C’est un dilemme permanent que vivent la plupart des entraîneurs nationaux, à quelques exceptions près dans le monde. Tous les techniciens sont exposés à des résultats presque immédiats et encore plus ceux qui arrivent à assumer une équipe nationale.

Eduardo Berizzo n’est pas et ne sera pas l’exception, où se pose cette question : le travail du processus pèse-t-il plus ou les résultats immédiats qu’il faut obtenir ? Si le rôle qui dure beaucoup était de respecter le processus de travail et d’insérer de nouvelles valeurs qui injectent de l’énergie et de la fraîcheur dans l’équipe chilienne, pour l’instant la tâche est due. Bien sûr, les sélectionneurs ont très peu de temps pour travailler contrairement à un coach d’équipe.

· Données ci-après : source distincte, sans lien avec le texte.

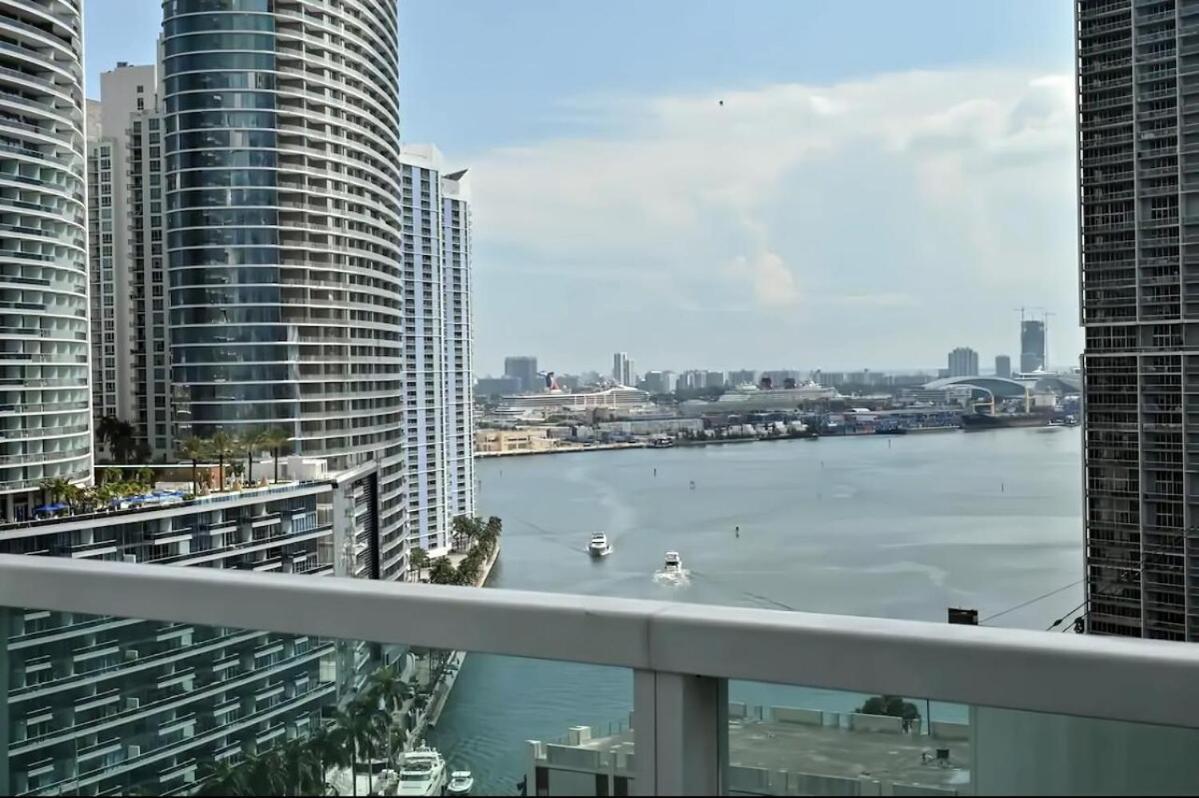 Brickellriver Loft With Parking & 12 Min To South Apartment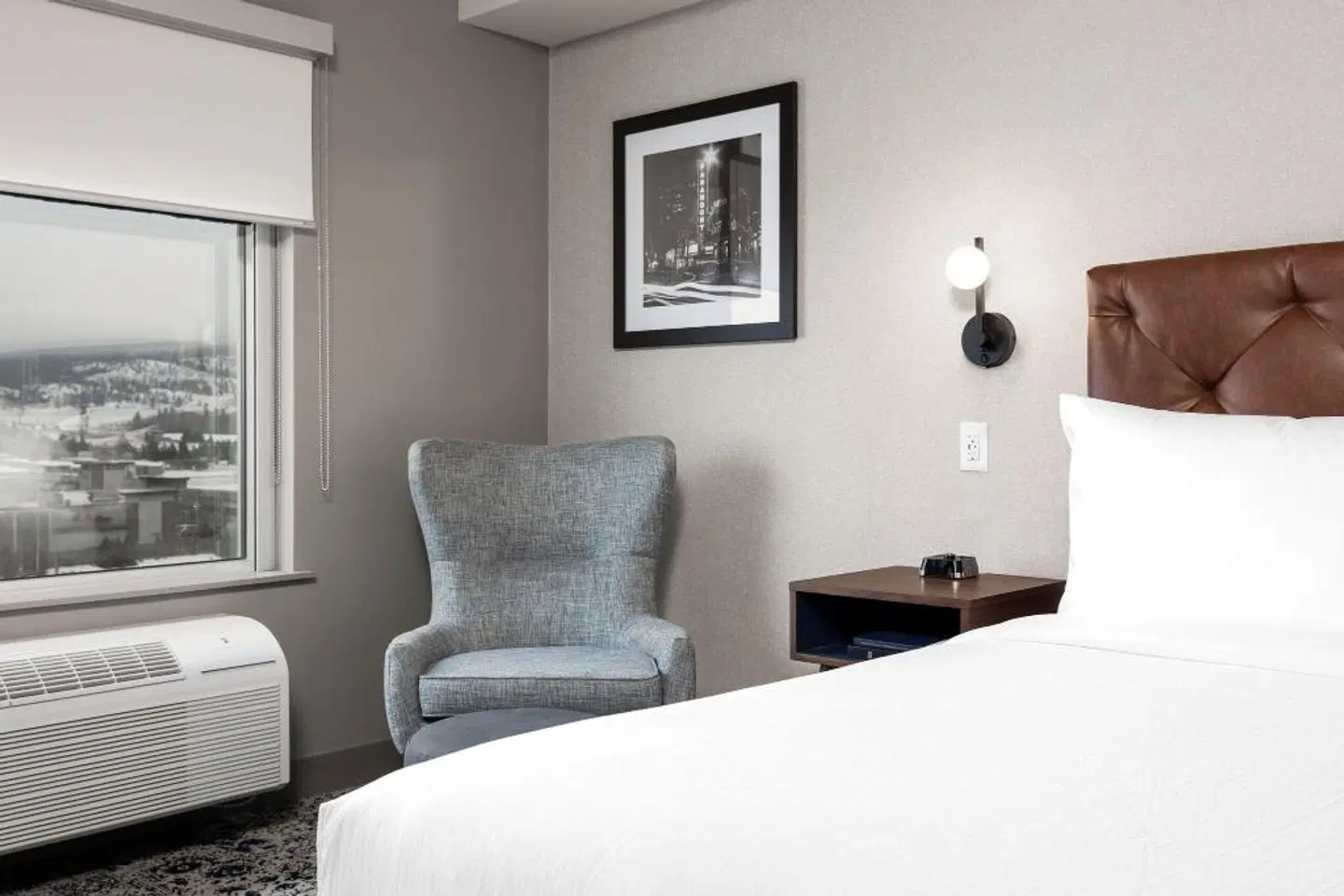 Four Points by Sheraton Kelowna Airport ROOM_EXAMPLE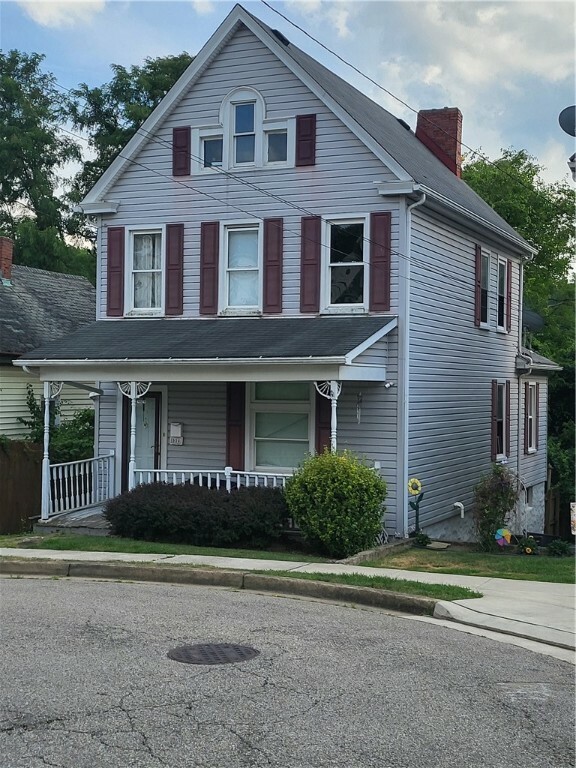 Property Photo:  554 Church St  PA 15147 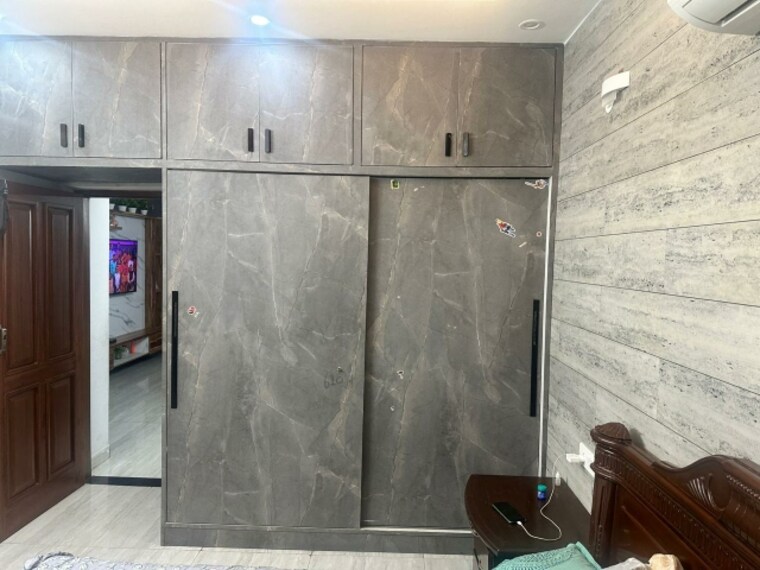 undefined, sector 46 6+ Bedroom 200 Sq.Yd. Independent House In Sector 46 Chandigarh 9127216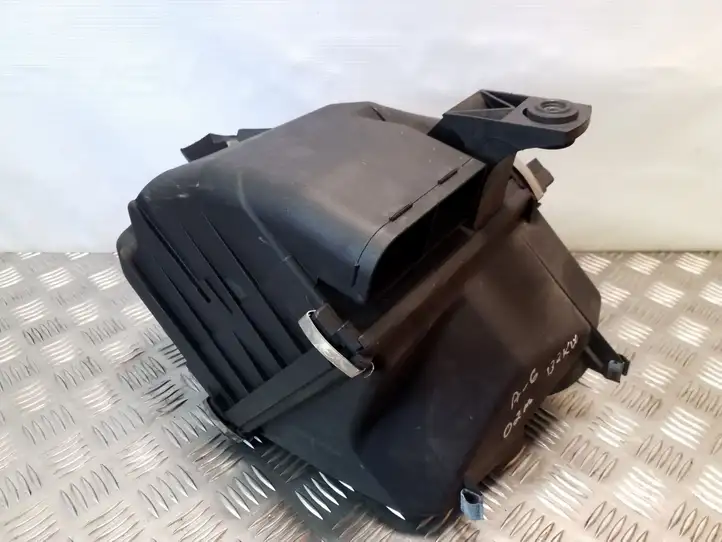 Audi A6 S6 C5 4B (2001 - 2004) 4B0133837F Корпус воздушного фильтра — фото 1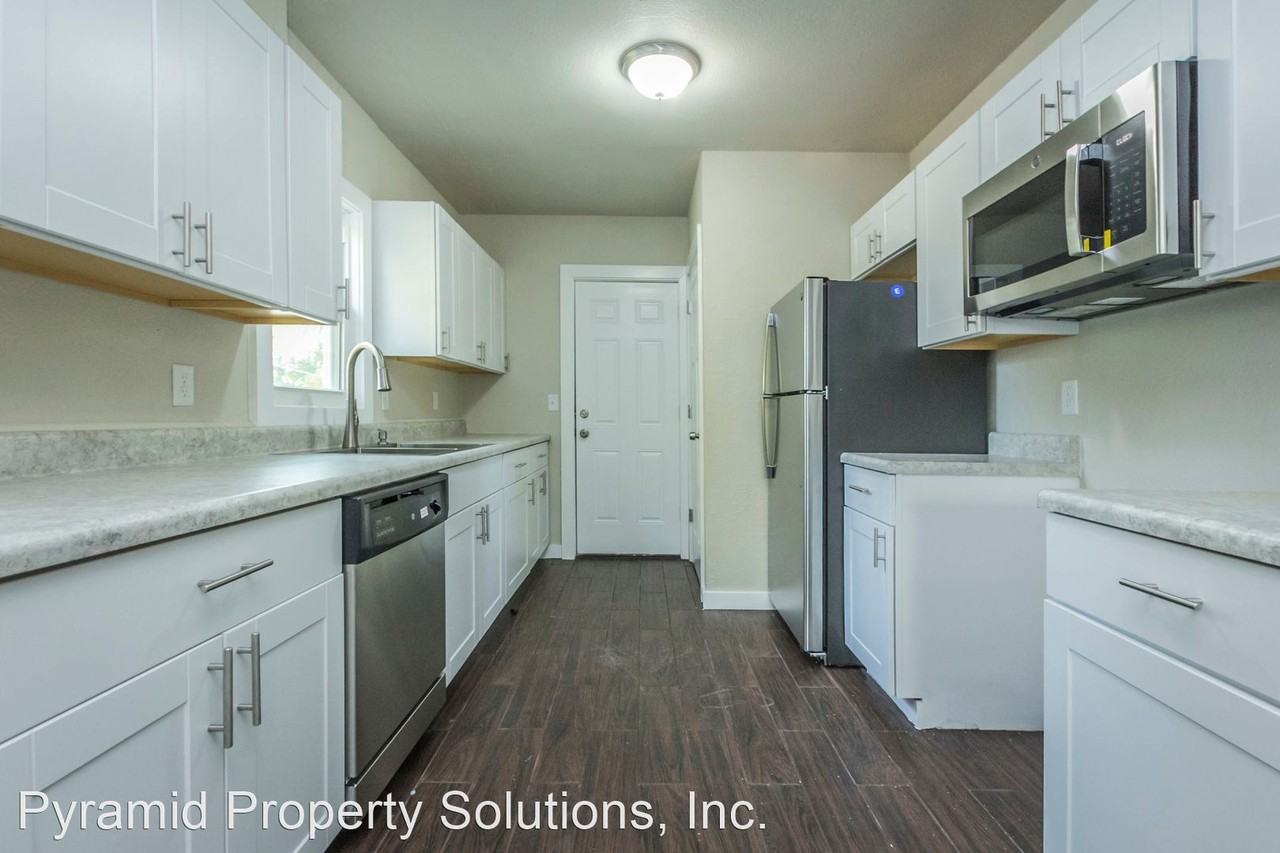 2900 Oxford St - Photo 3 of 16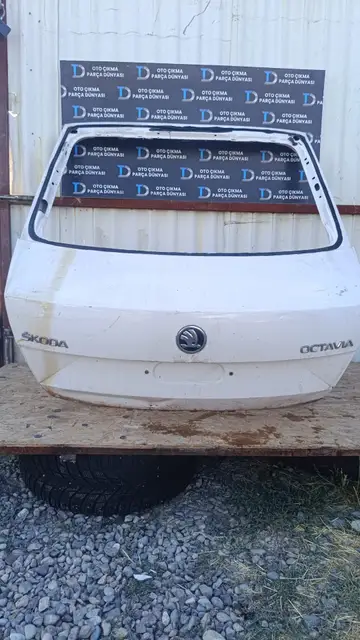 Skoda Octavia Bagaj Kapağı 14-18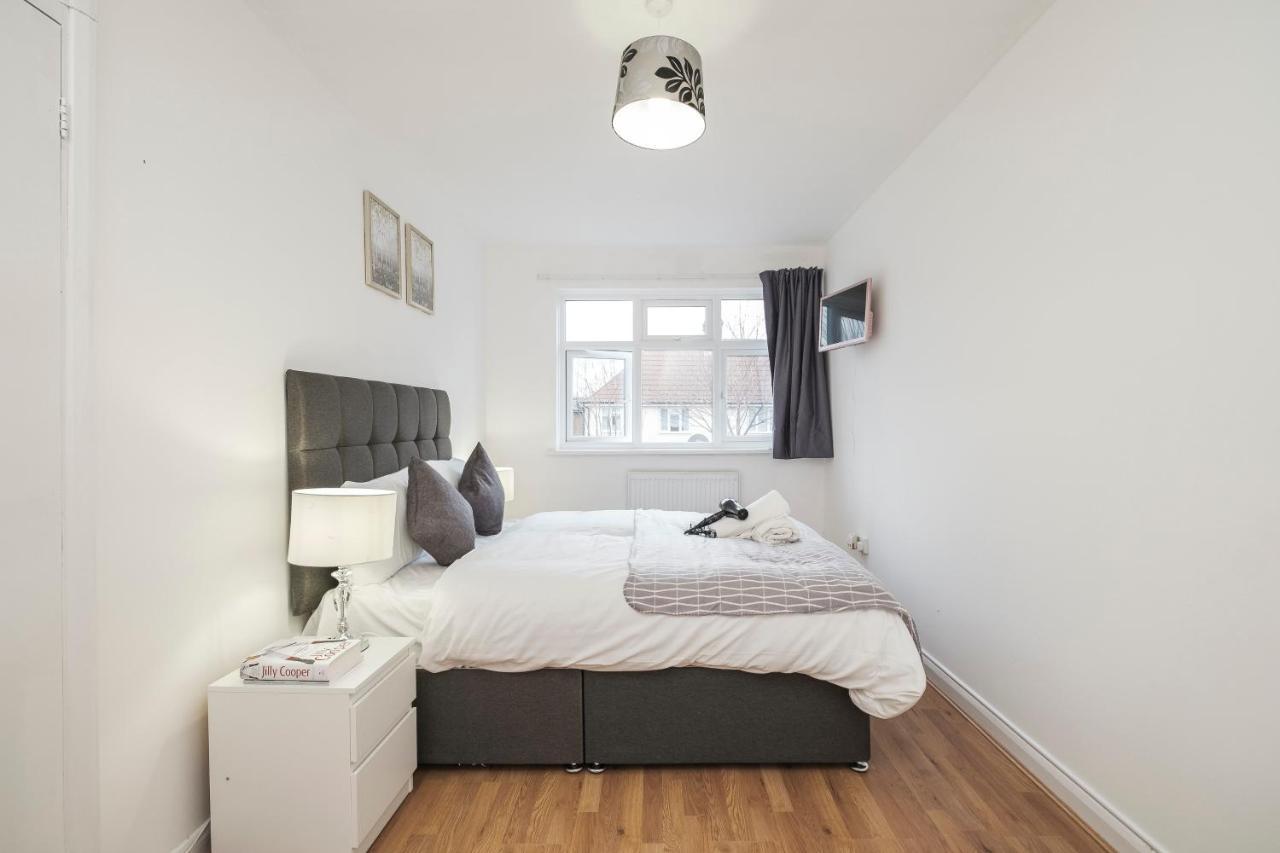 Spacious 3 Bed 1 Bath Hse W Guest Toilet W Parking Near Excel - E16 London Exterior foto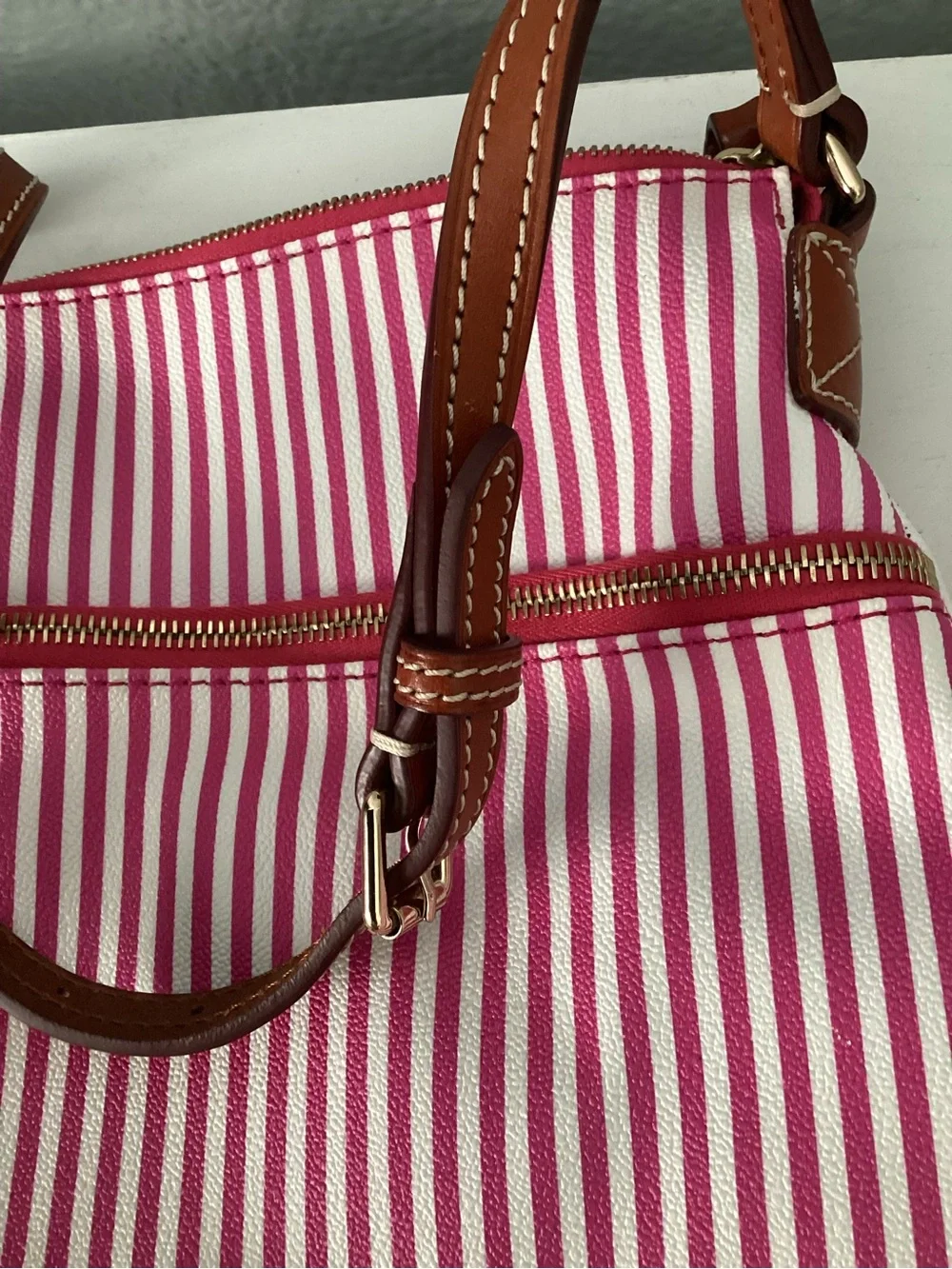 Dooney & Bourke stylish pink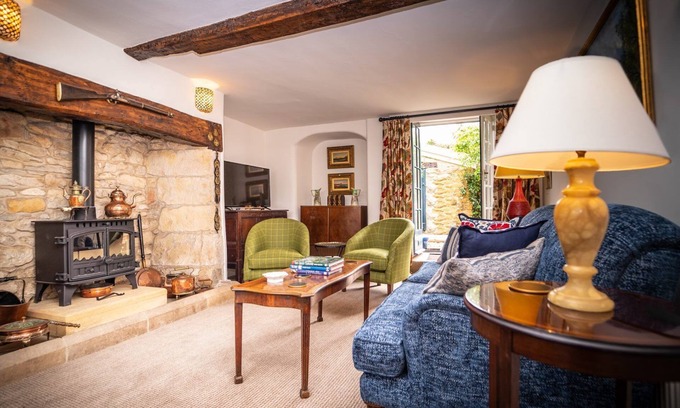 Sherborne Cottage | A babbacombe & sherborne that sleeps 6 guests in 3 bedrooms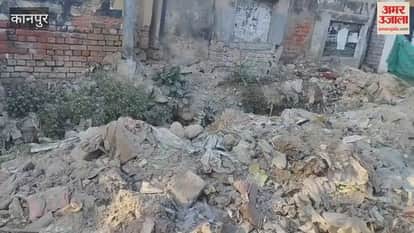 Kanpur: Open drains inviting accidents near the Trimurti Temple in Gandhi Village, Chakeri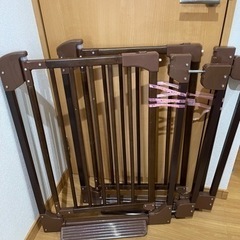 ベビーゲート（部品紛失中につき、見つかり次第再投稿）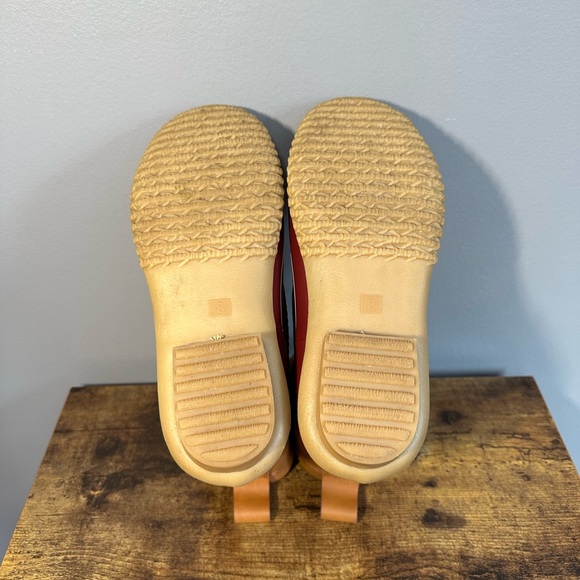 G.H. Bass & Co. Lace-Up Boots - Picture 15 of 15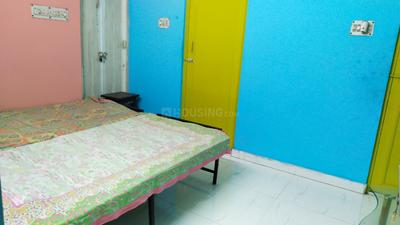 Bedroom Image of Omm PG in Dum Dum, Kolkata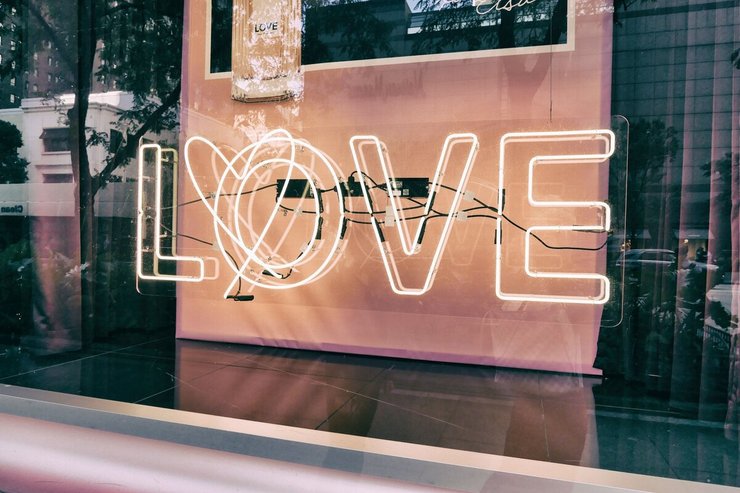 Neonverlichting met love tekst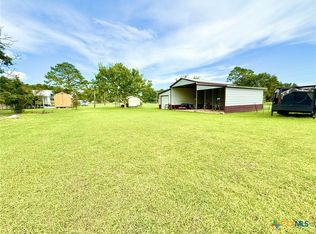 185 Tupelo S, Palacios, TX 77465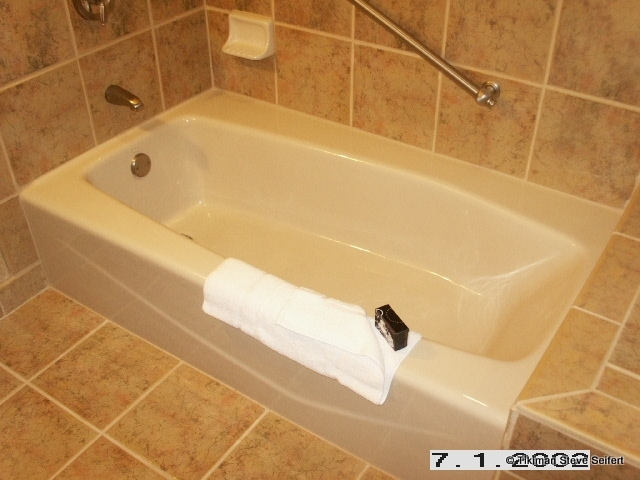 One-bedroom Suite bathtub
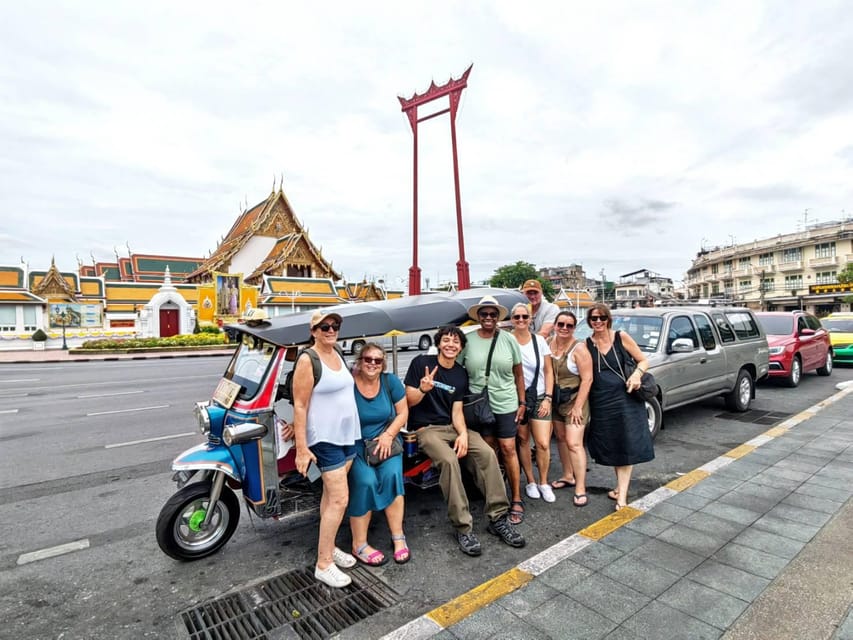 Bangkok: Guided Tour in a Typical Thai Tuk-Tuk - Wat Pho from the outside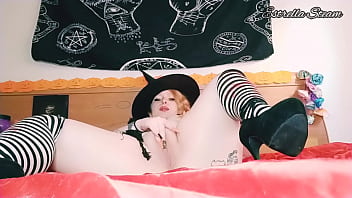 Preview 2 of Cute Pinoy Gay - Witch masturbates with her long nails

Mais cette tournée en Europe, où l’on a pu voir la main et l’idée les plus directes de Berizzo, j’ai l’impression qu’il s’est endetté. Je comprends et suppose que les processus ci-dessus ne font pas partie de la charge que le technicien doit assumer, mais ils le sont et d’une certaine manière, ils doivent être pris en charge. La tournée en Asie, avec un stratège signant à Quilín et après les heures de montée dans un avion, n’est pas entièrement de sa responsabilité, avec une masse salariale hybride et sauf pour remplir les engagements convenus.

Mais contre le Maroc et le Qatar, il y avait la précieuse opportunité de mettre en action plusieurs joueurs qui évoluent dans différentes compétitions internationales et c’est dans ce type de matches que l’on peut mieux apprécier leurs performances pour observer et jauger s’ils sont de haut niveau. compétition et assumer des rôles dans le Red.

En revanche, cette statistique qui met la pression sur l’atmosphère apparaît immédiatement, des matchs sans victoire et des minutes sans conversion. Ça joue aussi dans la tête d’un entraîneur, même si dans son discours il veut dire le contraire. Pour cette raison, ces matchs étaient d’une grande importance pour voir des noms comme Núñez, Méndez, Valence, Campos et Osorio en action avec beaucoup plus de minutes.

Nous savons tous que les bannières de la génération dorée veulent continuer à participer. Ils sont importants pour qu’ils se connectent et offrent des expériences aux plus novices. Mais s’ils jouent toujours, en raison de leur mentalité très compétitive, quand pourrons-nous voir les autres qui demandent des opportunités en action ?

Tous les processus et particularités du football sont différents. Il n’y a pas de recette parfaite, cependant, j’ai toujours admiré le processus réalisé par Tabárez en Uruguay. L’équipe uruguayenne de Coupe du monde d’Afrique du Sud et championne des Amériques savait qu’elle avait besoin de nouvelles jambes et d’idées. Des héros comme Lugano, Arévalo Ríos, Pérez et Abreu sont sortis ; pour que des noms comme Giménez, Valverde, Vecino, Suárez et Núñez puissent se connecter. Un mélange qui a donné beaucoup de dividendes aux Célestes, qui n’ont pas subi le traumatisme, que nous vivons ad portas que les doubles champions d’Amérique cessent de porter la veste rouge.

C’est pourquoi Eduardo Berizzo peut et a pour mission de se connecter plus fort que jamais avec ses convictions. Ce n’est pas facile d’être entraîneur, encore plus quand il sort d’une passe négative avec le Paraguay, mais si le moment du Chili n’est pas vite redirigé, il semble que l’avenir immédiat ne soit pas de bon augure et encourageant.

Il est temps de tester et de découvrir si les joueurs qui partent à l’étranger et qui gagnent des minutes dans leurs équipes peuvent vraiment prendre le relais. S’ils jouent 10 ou 12 minutes, il sera difficile d’avoir un diagnostic clair.

Il reste deux matches amicaux en novembre pour voir si cela peut se retourner et être certain de pouvoir compter sur une équipe plus large pour les qualifications qui approchent à grands pas et qui génèrent déjà un casse-tête permanent pour Juan Pinto Durán et le fan de Red.